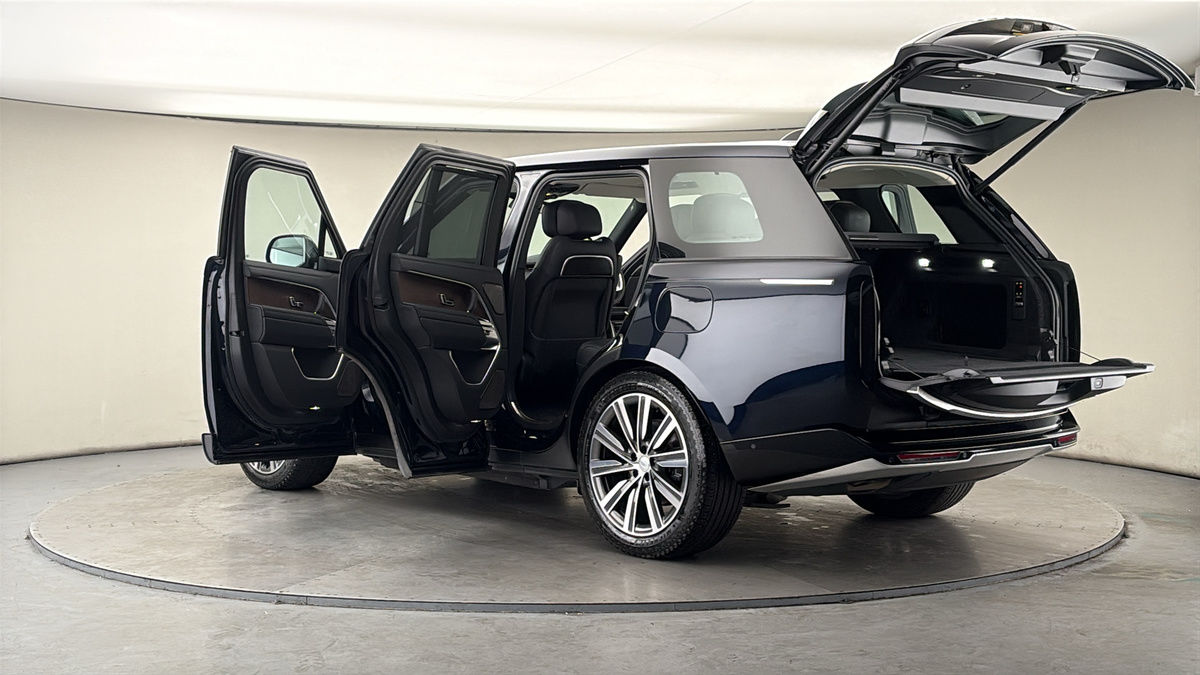 More views of Land Rover Range Rover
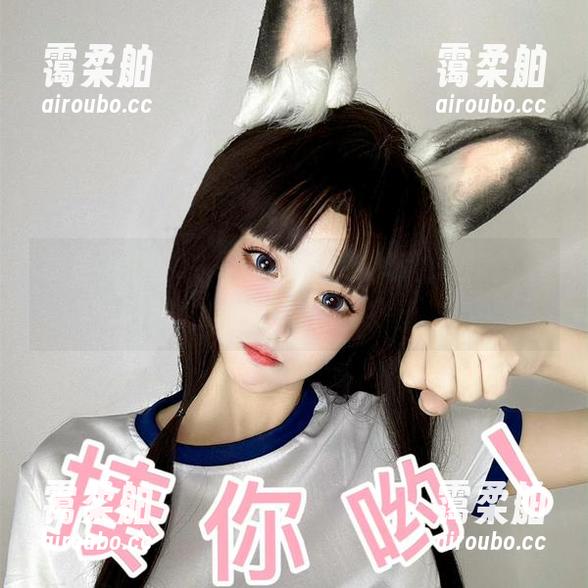 章鱼小童谣 章鱼小童谣的写真作品,最燃的执行官,绝对不怕加班!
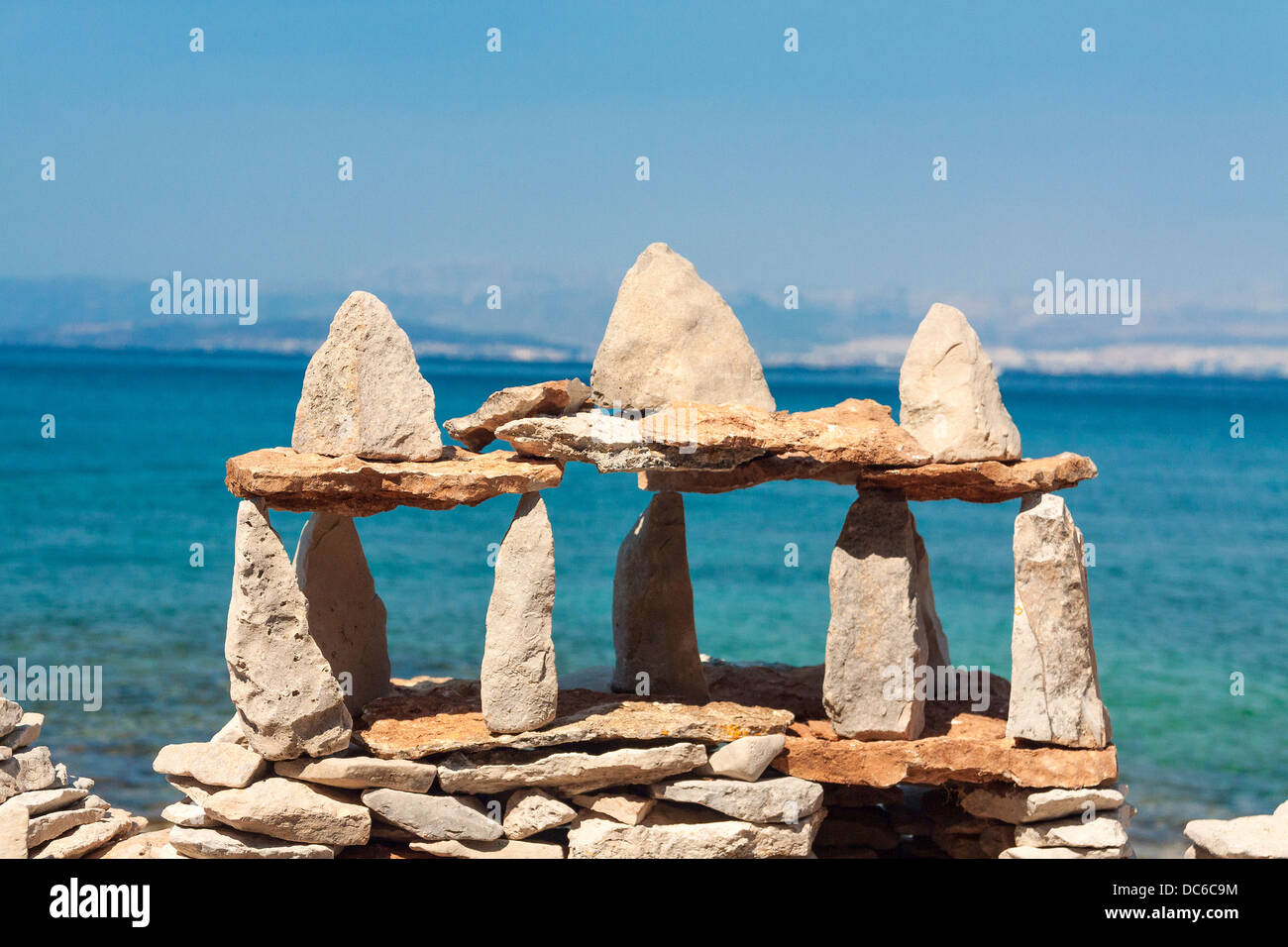 Miniatur-Steinburg an einem Strand in der Nähe von Sutivan Dorf auf der Insel Brač, Kroatien Stockfoto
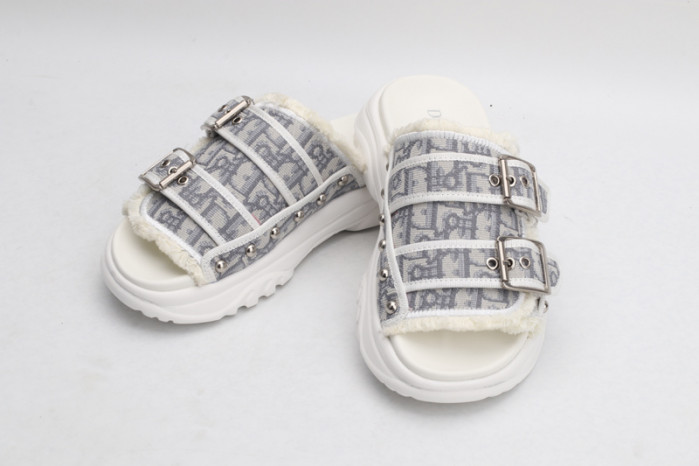 Dio*r sandal11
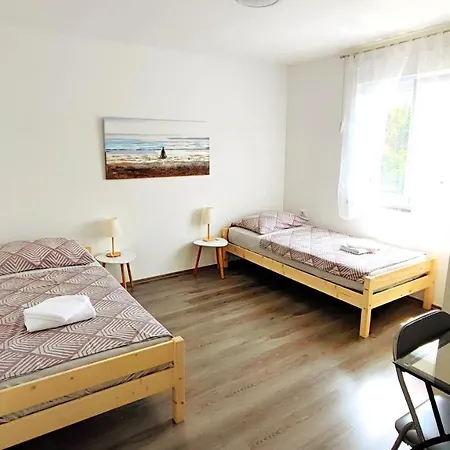 Jan 2+2 With Balcony 풀라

________________________

[TASK TO COMPLETE] Would you give the data above again word for word, minus the pictures?

[RESULT OF THIS TASK]
 More views of Land Rover Range Rover
 章鱼小童谣 章鱼小童谣的写真作品,最燃的执行官,绝对不怕加班!
 Miniatur-Steinburg an einem Strand in der Nähe von Sutivan Dorf auf der Insel Brač, Kroatien Stockfoto
 Dio*r sandal11
 Jan 2+2 With Balcony 풀라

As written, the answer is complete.